■ **BRIEF**
The answer consists only of the lines from the beginning of the listing below to the line holding "Gawain’s Liturgy (the", inclusive, with every picture removed.

────────

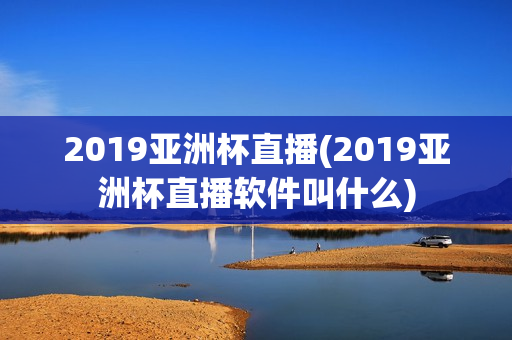 2019亚洲杯直播(2019亚洲杯直播软件叫什么)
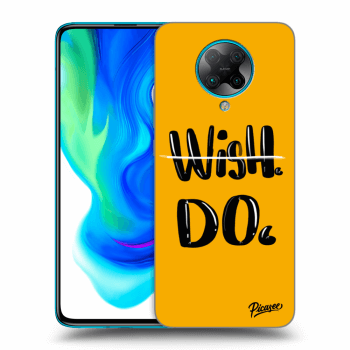 Hülle für Xiaomi Poco F2 Pro - Wish Do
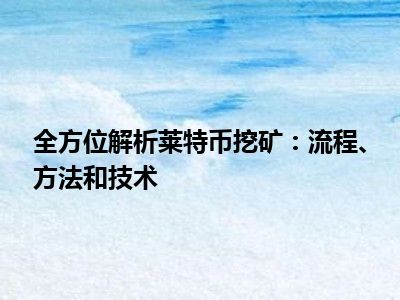 全方位解析莱特币挖矿：流程、方法和技术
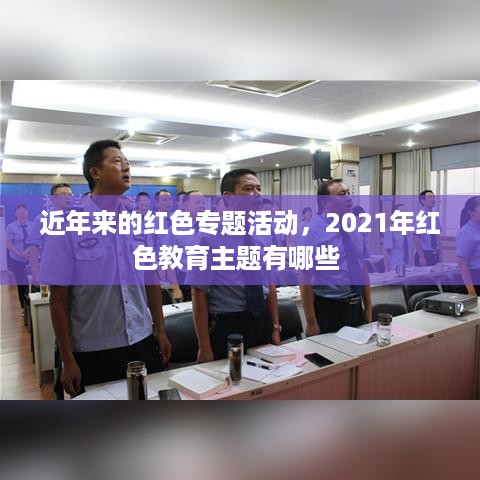 近年来的红色专题活动，2021年红色教育主题有哪些 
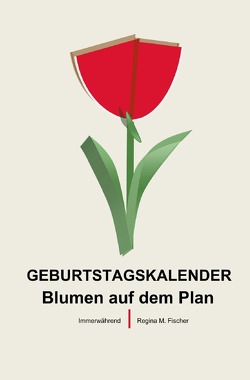 GEBURTSTAGSKALENDER Blumen auf dem Plan von Fischer,  Regina M.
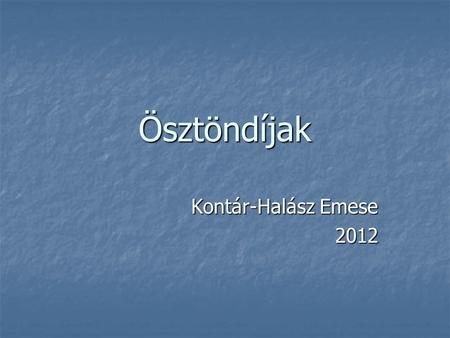 Ösztöndíjak Kontár-Halász Emese 2012. Magyarországi ösztöndíjak.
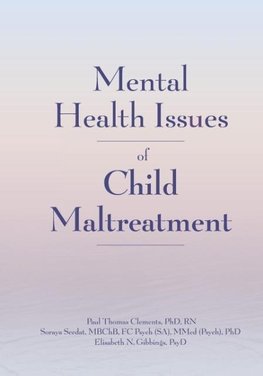 Mental Health Issues of Child Maltreatment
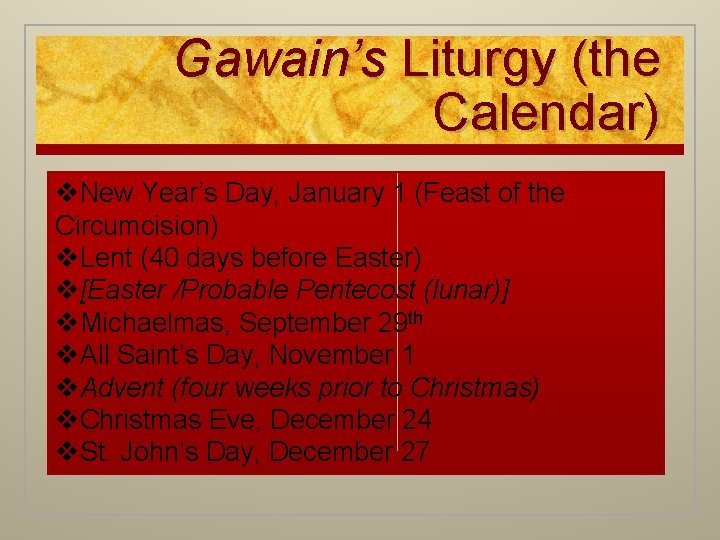 Gawain’s Liturgy (the Calendar) v. New Year’s Day, January 1 (Feast of the Circumcision)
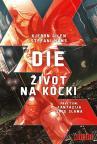 DIE – Život na kocki 1 - Fantazija srce slama DIE – Život na kocki 1 - Fantazija srce slama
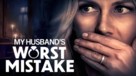 My Husband&#039;s Worst Mistake - Movie Poster (xs thumbnail)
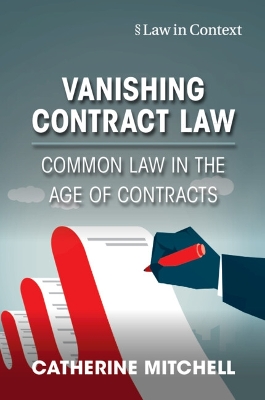 Vanishing Contract Law: Common Law in the Age of Contracts by Catherine Mitchell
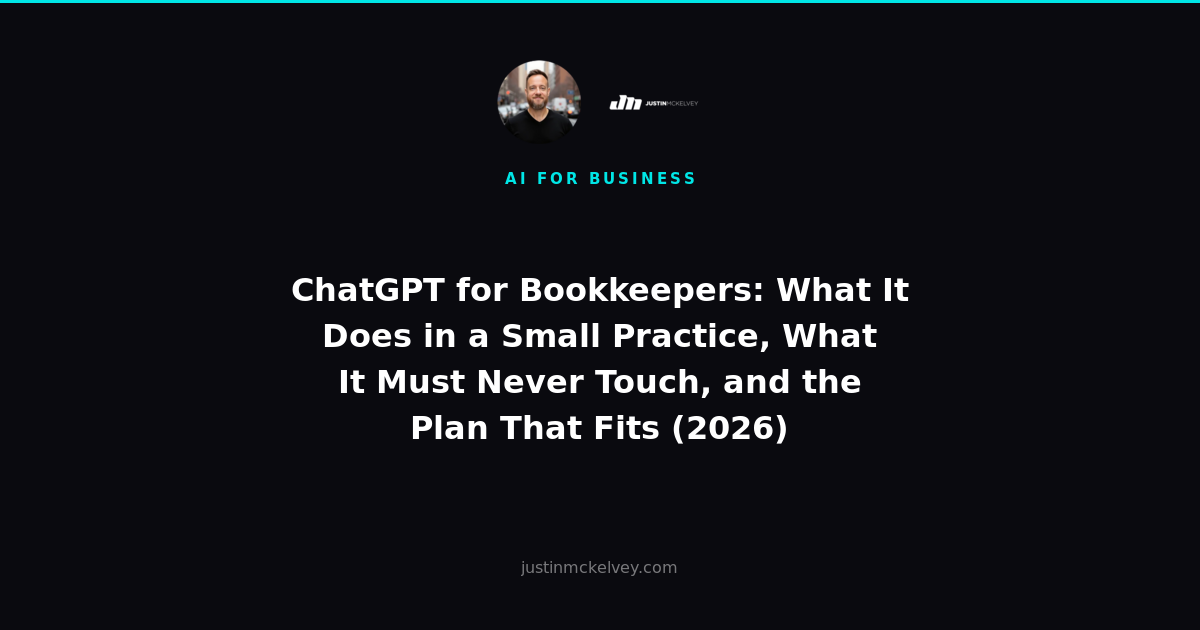 ChatGPT for Bookkeepers: What It Does in a Small Practice, What It Must Never Touch, and the Plan That Fits (2026)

────────

■ **COMPLETED EXERCISE**
 2019亚洲杯直播(2019亚洲杯直播软件叫什么)
 Hülle für Xiaomi Poco F2 Pro - Wish Do
 全方位解析莱特币挖矿：流程、方法和技术
 近年来的红色专题活动，2021年红色教育主题有哪些 
 GEBURTSTAGSKALENDER Blumen auf dem Plan von Fischer,  Regina M.
 Ösztöndíjak Kontár-Halász Emese 2012. Magyarországi ösztöndíjak.
 Mental Health Issues of Child Maltreatment
 Gawain’s Liturgy (the Calendar) v. New Year’s Day, January 1 (Feast of the Circumcision)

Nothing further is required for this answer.